Avec notre envoyé spécial à Athènes, Romain Lemaresquier
Alexis Tsipras et son gouvernement continuent leur course de fond. Après la signature à l’arraché de l’accord, lundi matin, avec les créanciers de la Grèce -à l’issue d’une ultime nuit d’âpres négociations -, le texte ficelé avec les responsables européens doit maintenant obtenir le feu vert des parlementaires grecs. La longue journée de tractations à la Vouli, le Parlement grec, a déjà démarré, avec les sessions des commissions parlementaires, qui seront suivies, à partir de 19 heures à Athènes, de consultations des chefs de partis avec le Premier ministre.
Ce n’est qu’après cette phase de tractations en coulisse que la session plénière du Parlement se tiendra pour voter sur l’adoption, ou non, des nouvelles mesures d’austérité exigées par les créanciers en échange de la mise en place d'un troisième plan d'aide. Le vote devrait débuter aux alentours de minuit, ce mercredi soir.

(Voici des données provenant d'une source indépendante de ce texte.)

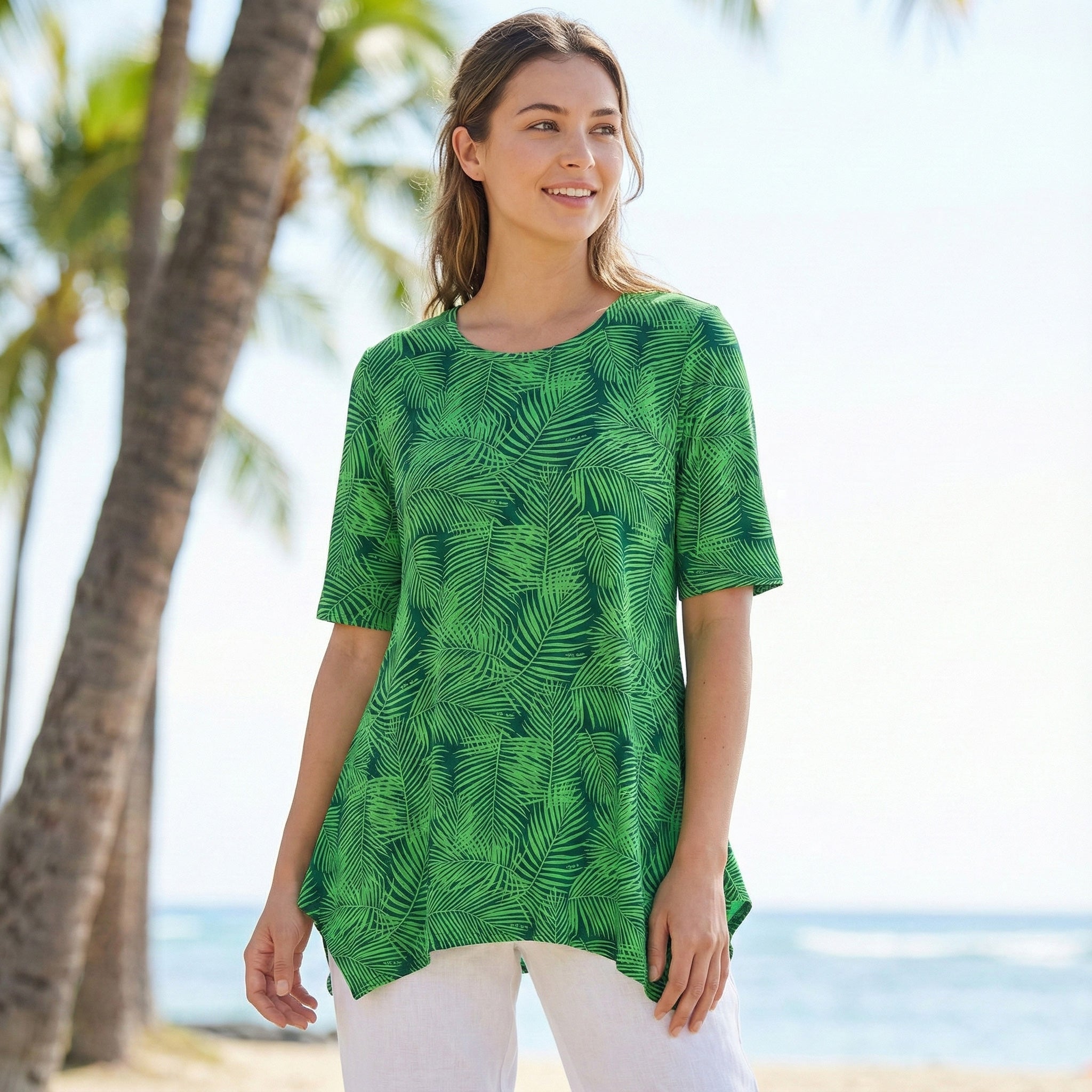 半袖チュニック パームリーフ [TU-2430]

Avec le centre, la droite et les socialistes
A priori, il y a peu de chance que ces mesures ne soient pas adoptées : le Premier ministre bénéficie du soutien de presque toute l’opposition, des conservateurs du parti Nouvelle démocratie aux centristes de To Potami, en passant par les socialistes du Pasok. Sur le plan politique, la grande inconnue est, pour l’instant, le nombre de députés de Syriza qui voteront contre le texte. Ils sont 149 à siéger à la Voulli, sur les 300 députés que compte le Parlement grec.

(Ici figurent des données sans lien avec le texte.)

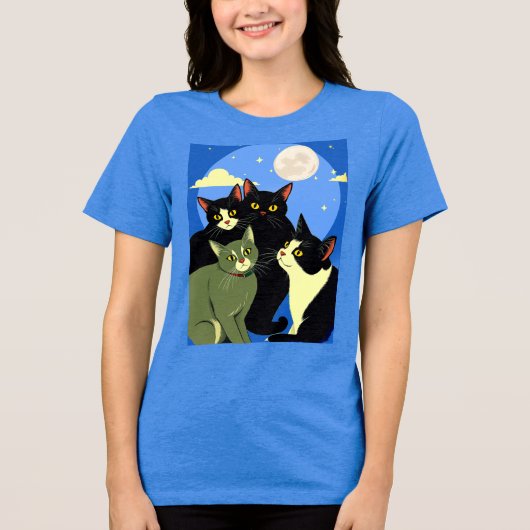 T-shirt En Tri-matière Chats sur le rôdeur sous la Pleine lune (Recto)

Depuis deux jours, le parti est au bord de l’implosion. Les déchirures se font de plus en plus patentes à mesure que les heures passent et qu’approche l’heure du vote sur un texte qu’Alexis Tsipras a lui-même expliqué avoir signé sans y croire. « J'assume mes responsabilités pour toute erreur que j'ai pu commettre. J'assume la responsabilité d'un texte auquel je ne crois pas mais que j'ai signé pour éviter un désastre au pays », a-t-il dit mardi soir à la télévision grecque.
Démission d'une ministre
Mercredi matin, la présidente du Parlement, Zoé Konstantopoulou, très opposée à ces réformes, et qui ne devrait pas présider la session plénière de ce soir, a appelé à voter contre ce projet de loi lors de l’ouverture des sessions des commissions parlementaires. La vice-ministre des Finances, Nadia Valavani, a pour sa part annoncé sa démission à la mi-journée. « Je ne vais pas voter en faveur de ce projet de loi et je crois qu'on ne peut pas rester au gouvernement si on vote contre », a-t-elle expliqué, jugeant que le plan « imposé » par les créanciers « n’est pas viable » pour le pays.

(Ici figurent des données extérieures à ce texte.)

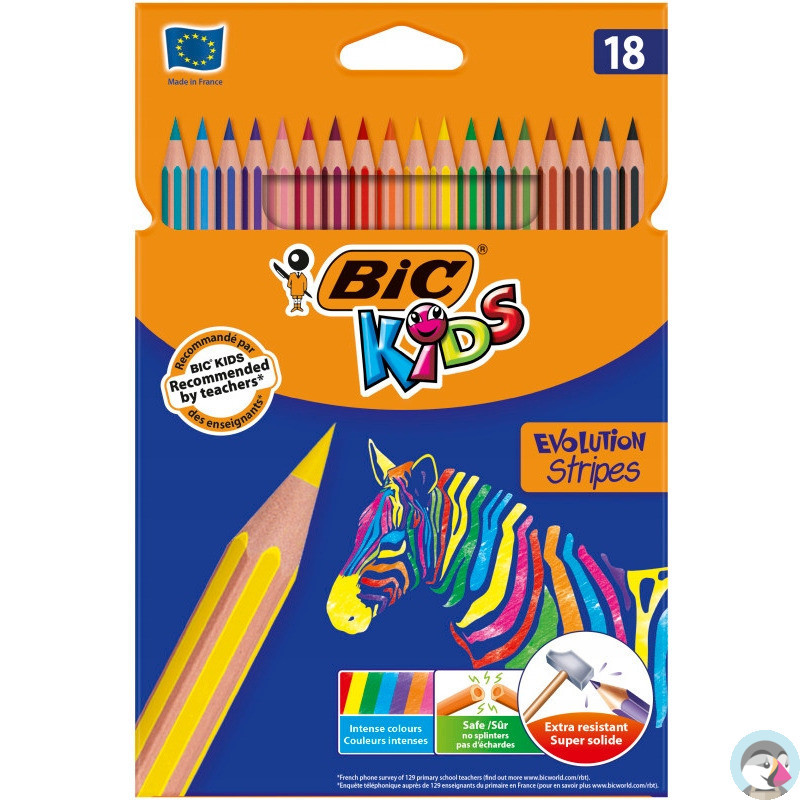 Kredki Eco Evolution 18kolorów STRIPES 9505241 BIC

Sur son compte Facebook, Stathis Kouvelakis, membre du comité central de Syriza, a pour sa part annoncé que « 109 des 201 membres du comité central de Syriza » ont « rejeté l’accord ». Le texte « ne peut pas être accepté par les membres et les cadres de Syriza », peut-on lire dans la tribune publiée par Stathis Kouvelakis.
Pression sociale
Sur le plan social, également, le vote se fera sous haute tension. Plusieurs appels à manifester devant le Parlement ont été lancés. La grève générale décrétée dans le secteur public entraîne déjà de lourdes perturbations des transports publics.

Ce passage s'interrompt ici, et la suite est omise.